Ülkemiz, kötü siyasetin ekonomiyi bu kadar etkilediği bir dönemi daha yaşamamıştır. Böylesi bir tabloda referanduma gitmek, devletin sistemini, rejimini kökten değiştirmeye kalkmak, çalışan ve üreten kesimlerin çıkarını hiçe saymaktır,toplumun ve devletin çıkarlarını partisinin ve kendisinin çıkarlarının gerisinde tutmaktır.
KURUMLAR YENİDEN YAPILANDIRILMALI
İktidarın anayasa değişikliği inadından önce özerk kurumları yeniden işler kılacak, piyasanın kendi işleyiş kurallarına siyasi baskılarla gölge etmeyecek, en ciddi yatırım ve ticaret ortağımız AB ile ilişkileri onaracak bir anlayışa şiddetle ihtiyacımız vardır. Bizim başkanlık inadından önce piyasada yerli ve yabancı yatırımcıya güven aşılayacak bir tarafsız yargı düzenine, hukuk devleti düzenine, adil rekabete uygun ve kayırmacılıktan uzak bir piyasa anlayışına, Meclisi ekonomi politikasında dikkate alacak bir ortak akıl duruşuna ihtiyacımız vardır.
BAŞKANLIĞA GEÇEN ÜLKELERDE NE OLDU?
Unutmayalım ki, parlamenter sistemden başkanlık sistemine geçen hiçbir ülkede piyasa ekonomisi rahatlamadı. Bu değişiklikler her yetkiyi bir kişiye vereceği için tam güvensizliği ve kişiye bağlılığı ortaya çıkacaktır. Bu sistem değişikliğini yapan ülkeler, dünyanın en fakir ülkeleridir. Bu ülkelerden Burundi, Gana, Afganistan, Nijerya, Sudan, Zimbabwe’de gelir dağılımı iyice bozuldu, zenginle fakir arasındaki makas açıldı.
Başkanlık sistemine geçen ülkelerde otoriterleşme arttıkça, lidere yakın çevreler piyasaya hakim oldu, kayırmacılık arttı ve yatırımcılar ülkeden çıkış yaptı. Mali, Mozambik, Gine, Çad, Orta Afrika Cumhuriyeti gibi başkanlığa geçmiş ülkelerde kişi başına gelir 320 Dolarla 700 Dolar arasında gezinirken, biz neden hiç yoktan yere geriye gidelim?
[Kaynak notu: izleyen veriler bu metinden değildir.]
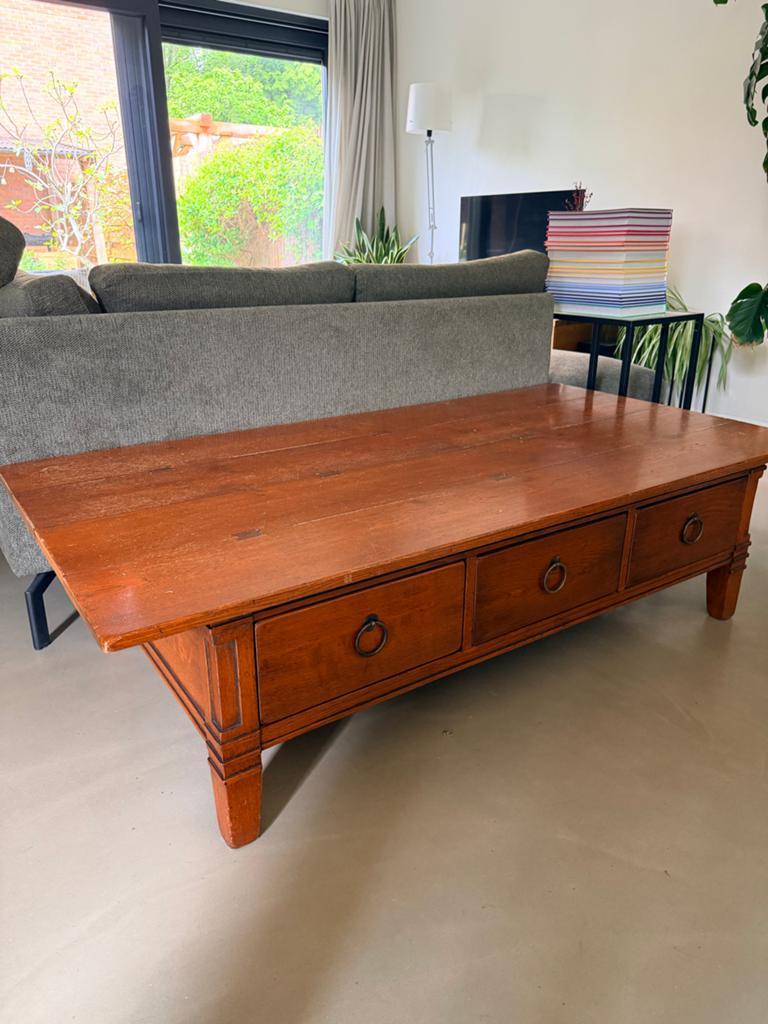 Houten salontafel met 3 lades, Huis en Inrichting, Tafels | Salontafels, Ophalen, Gebruikt, 50 tot 100 cm, 150 tot 200 cm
Buna niçin sebep olalım?
13 EN İYİ ÜLKEDEN 12’Sİ PARLAMENTER SİSTEM
Ekonomiyi tek adama göre yöneten ülkeler insani gelişmişlikte, eğitimde, kalkınma hızında yaya kaldı ama bugün dünyanınkişi başına gelir düzeyi en yüksek ilk 13 ülkesinden 12’si parlamenter sistemle yönetilmektedir. Dünyanın en gelişmiş ülkelerinden sadece yüzde 10’u başkanlıkla yönetiliyorsa, başkanlığa geçen ülkelerin tamamında ekonomik kalkınma ve gelir dağılımı uçurumu derinleşiyorsa, geleceğimiz için şimdiden Hayır demenin tam zamanıdır. Hayır diyerek ülkemizin normalleşmesine, Cumhuriyetimize ve demokrasimize sahip çıkmış olacağız.”